= EXERCISE REQUIREMENTS =
Write out every entry exactly as it appears, omitting the pictures.

= TASK MATERIAL =
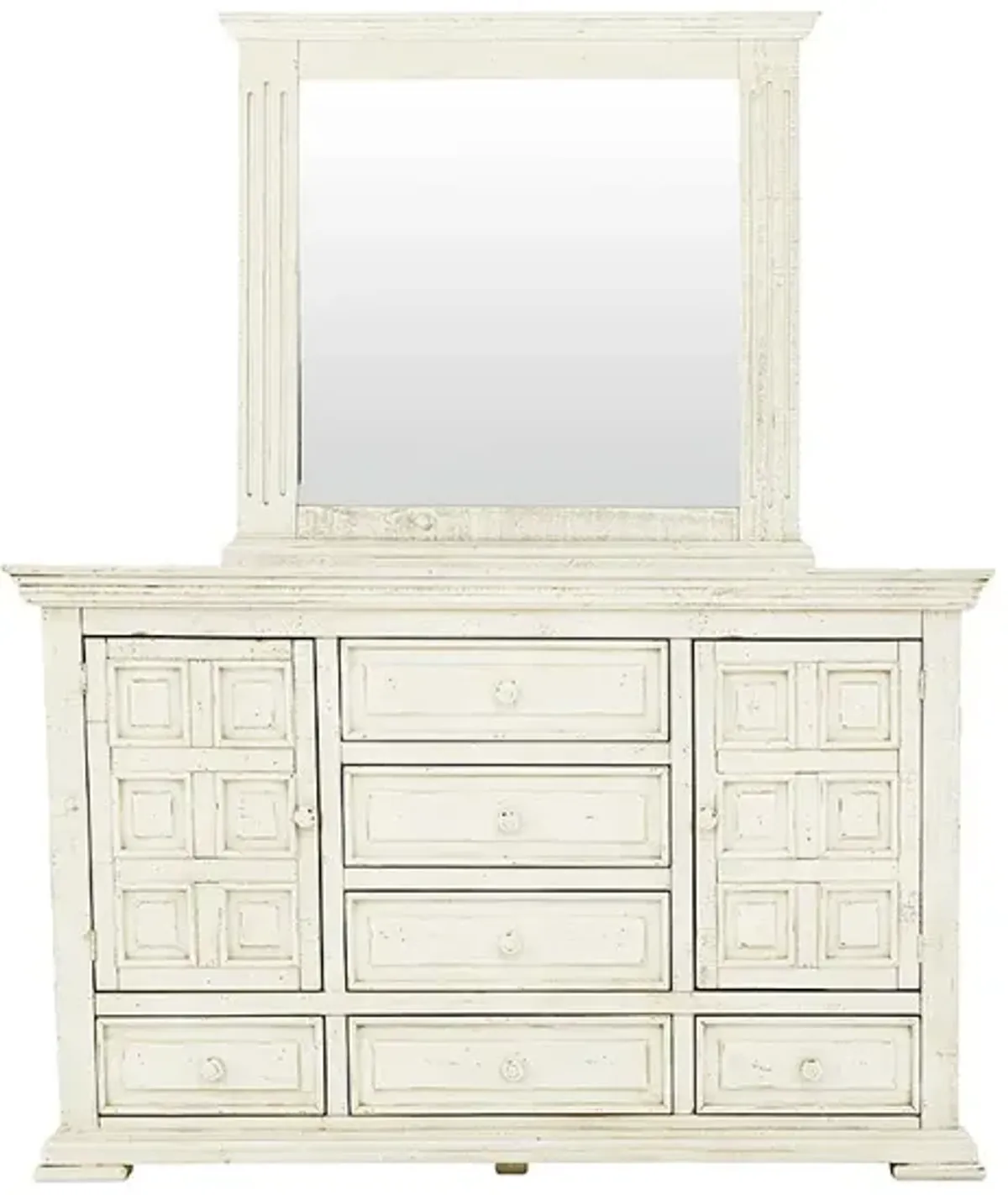 TERRA WHITE DRESSER AND MIRROR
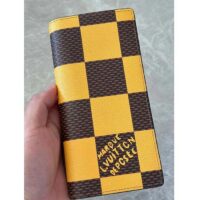 Louis Vuitton LV Unisex Brazza Wallet Yellow Damier Pop Coated Canvas Natural Cowhide-Leather (9)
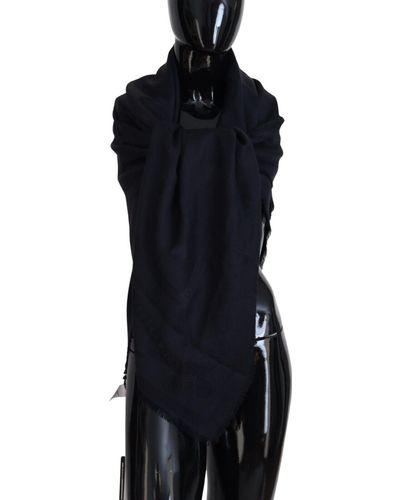 Dolce & Gabbana Elegant Silk-Wool Fringed Scarf - Black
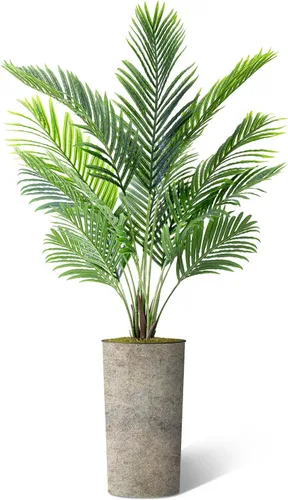 Vista 2 de Árbol artificial en maceta de diseño opcional, palmera tropical areca falsa de seda para decoración del hogar en interiores y exteriores, altura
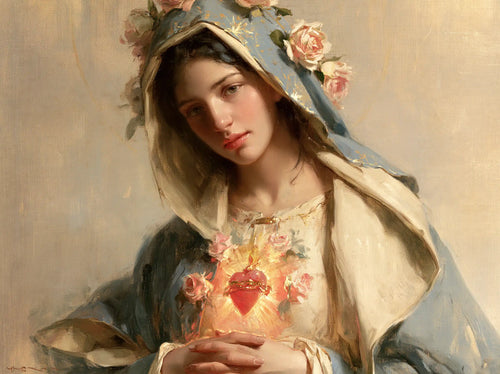 Mary with her Immaculate Heart in sacred maternal tenderness in Sacred Maternal Tenderness style, landscape Christian artwork no. 10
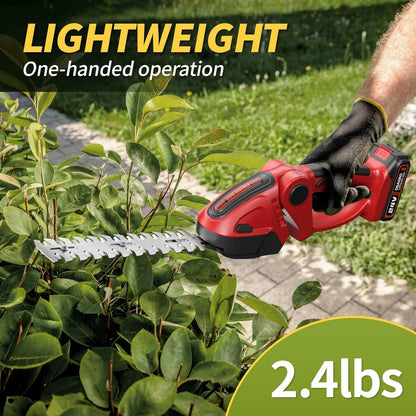 24V Cordless Grass Shears, 2200RPM 2-in-1 Handheld Electric Grass Cutter/Shrubbery Trimmers, Mini Shrub Trimmer Battery Operated Hedge Trimmer with 2Pcs 2.0Ah Batteries and Charger Included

= OUTPUT =
 TERRA WHITE DRESSER AND MIRROR
 Louis Vuitton LV Unisex Brazza Wallet Yellow Damier Pop Coated Canvas Natural Cowhide-Leather (9)
 Dolce & Gabbana Elegant Silk-Wool Fringed Scarf - Black
 Vista 2 de Árbol artificial en maceta de diseño opcional, palmera tropical areca falsa de seda para decoración del hogar en interiores y exteriores, altura
 Mary with her Immaculate Heart in sacred maternal tenderness in Sacred Maternal Tenderness style, landscape Christian artwork no. 10
 24V Cordless Grass Shears, 2200RPM 2-in-1 Handheld Electric Grass Cutter/Shrubbery Trimmers, Mini Shrub Trimmer Battery Operated Hedge Trimmer with 2Pcs 2.0Ah Batteries and Charger Included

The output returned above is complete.